The Mornington Peninsula Shire has adopted the new crackdown, which will come into effect from July 1 and include random bin checks.
Those who are correctly recycling will go into a monthly draw to win a $100 voucher, but those who have disposed of the wrong items will receive a tag on their bin letting the household know which items can’t be recycled.
Significantly, contaminated bins will not be emptied, and those misusing the bins three times in six months will be fined between $330 and $660.
If the bins are misused four times in six months, their collection will be banned for three months and the household will still be required to pay the $327 waste levy.
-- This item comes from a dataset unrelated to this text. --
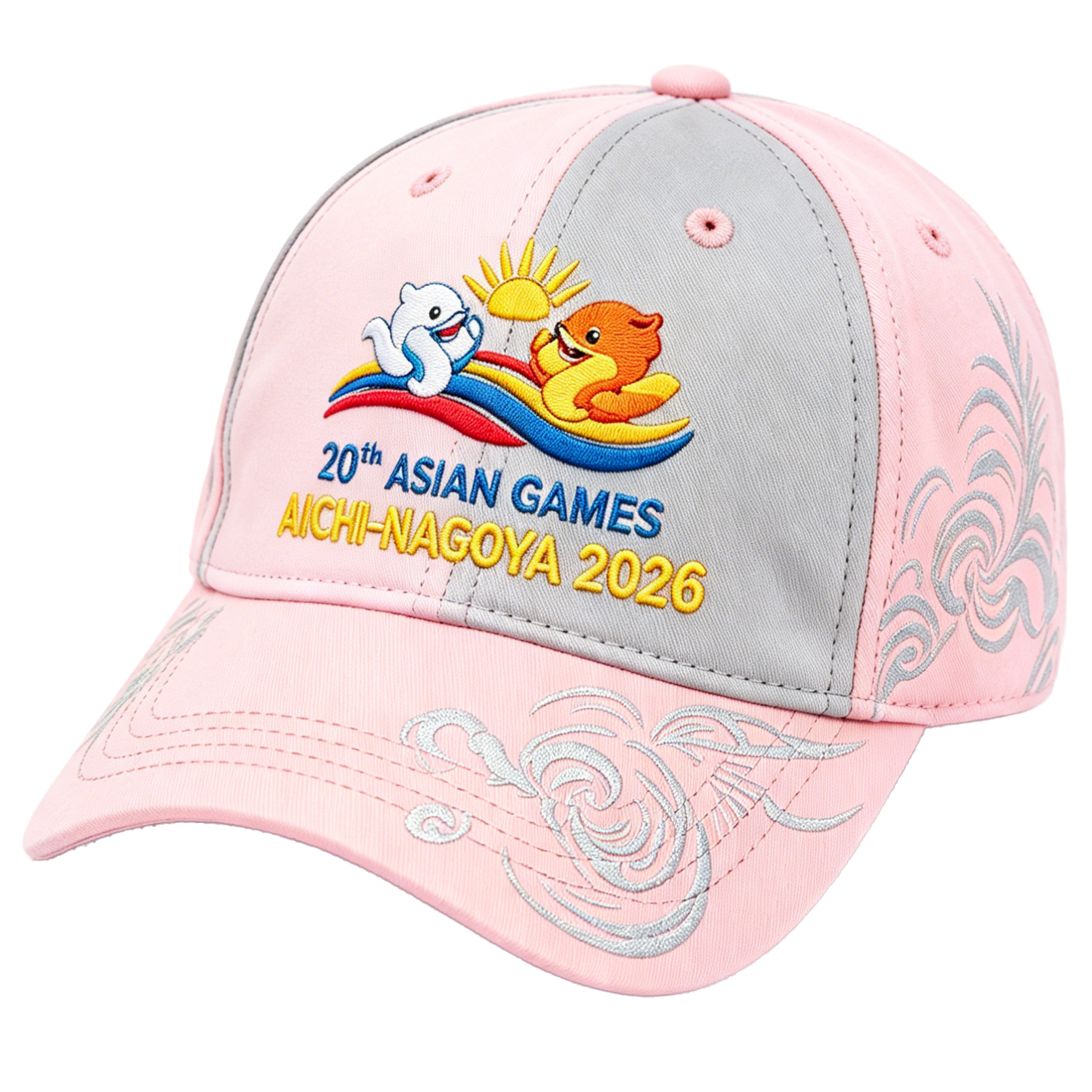 20th Asian Games Aichi-Nagoya 2026 Embroidered Gray Adjustable Cotton Denim Baseball Cap for Baseball Cap| Baseball Cap | xhcaps.com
“A contaminated bin or truck load is not only a burden to the environment adding to landfill but also comes at a significant cost,” Mayor Despi O’Connor said in a release on the shire’s website.
“Contaminated bins cost the Mornington Peninsula Shire and ratepayers approximately $600,000 per year.”
According to the council, the top seven misplaced items in household recycling bins are:
- Bagged recyclables (free your items! Pop them loose in the bin)
- Household rubbish (put in general rubbish bin)
- Food waste (compost or use up your leftovers)
- Garden waste (pop it in a green waste bin, compost or take it to the tip)
- Soft, scrunchable plastics (take it to your local supermarket for recycling)
- Textiles (repurpose, donate or if it’s not salvageable put it in the rubbish bin)
- Polystyrene (straight in the general rubbish bin)
Cr O’Connor said “we know recycling can be confusing”.
“The shire’s waste education program aims to encourage households to recycle correctly.”